**Records provided:**
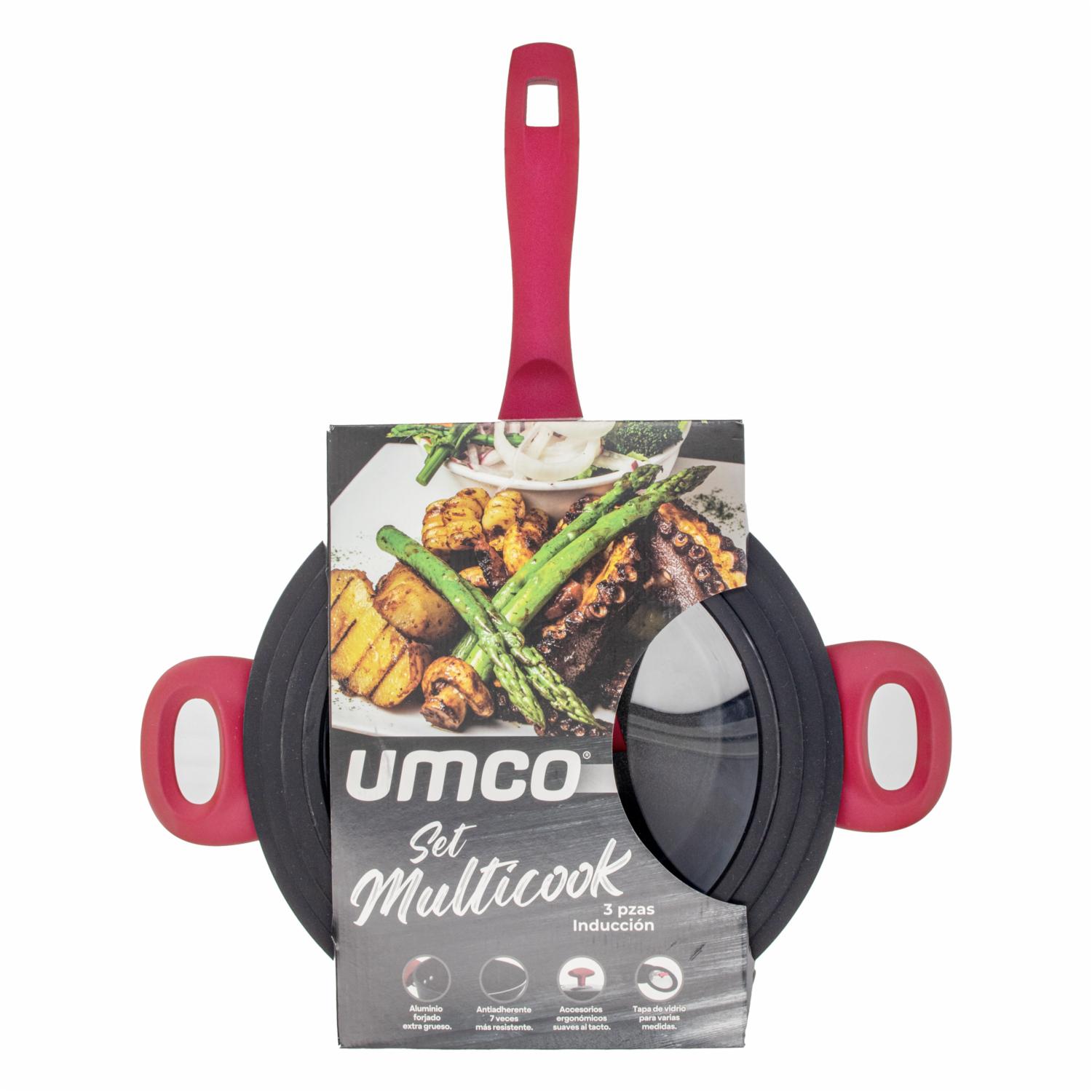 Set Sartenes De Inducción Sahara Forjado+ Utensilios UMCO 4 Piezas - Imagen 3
---
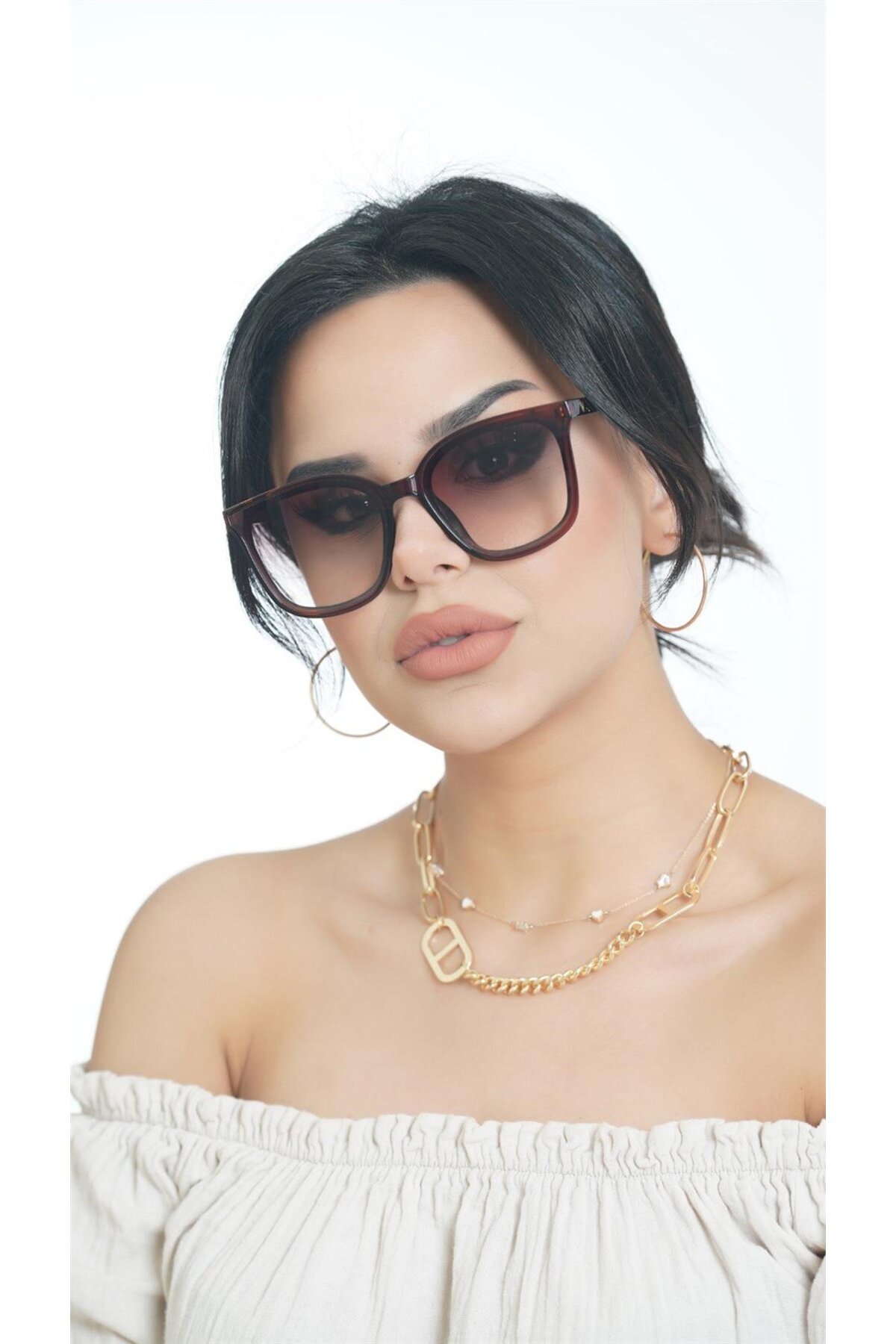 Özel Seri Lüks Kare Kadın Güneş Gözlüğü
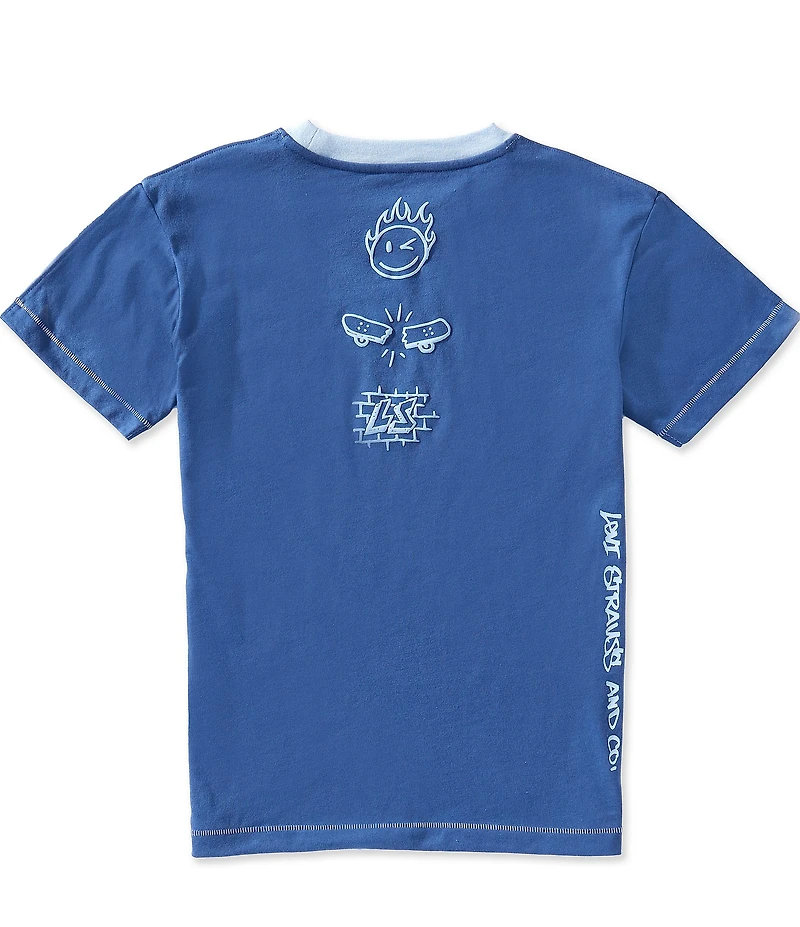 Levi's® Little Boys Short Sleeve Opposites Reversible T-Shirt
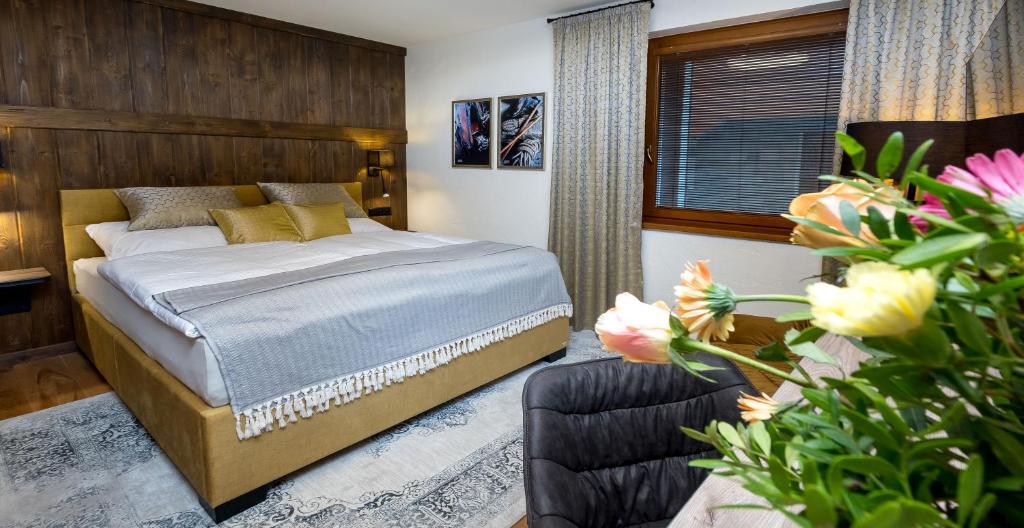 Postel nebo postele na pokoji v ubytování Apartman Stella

**Exercise objective:** Write down exactly what the lines above say, from the line holding "Özel Seri Lüks Kare Kadın Güneş Gözlüğü" through the line holding "Postel nebo postele", and nothing more. Do not copy the pictures.

**Task result:**
 Özel Seri Lüks Kare Kadın Güneş Gözlüğü
 Levi's® Little Boys Short Sleeve Opposites Reversible T-Shirt
 Postel nebo postele na pokoji v ubytování Apartman Stella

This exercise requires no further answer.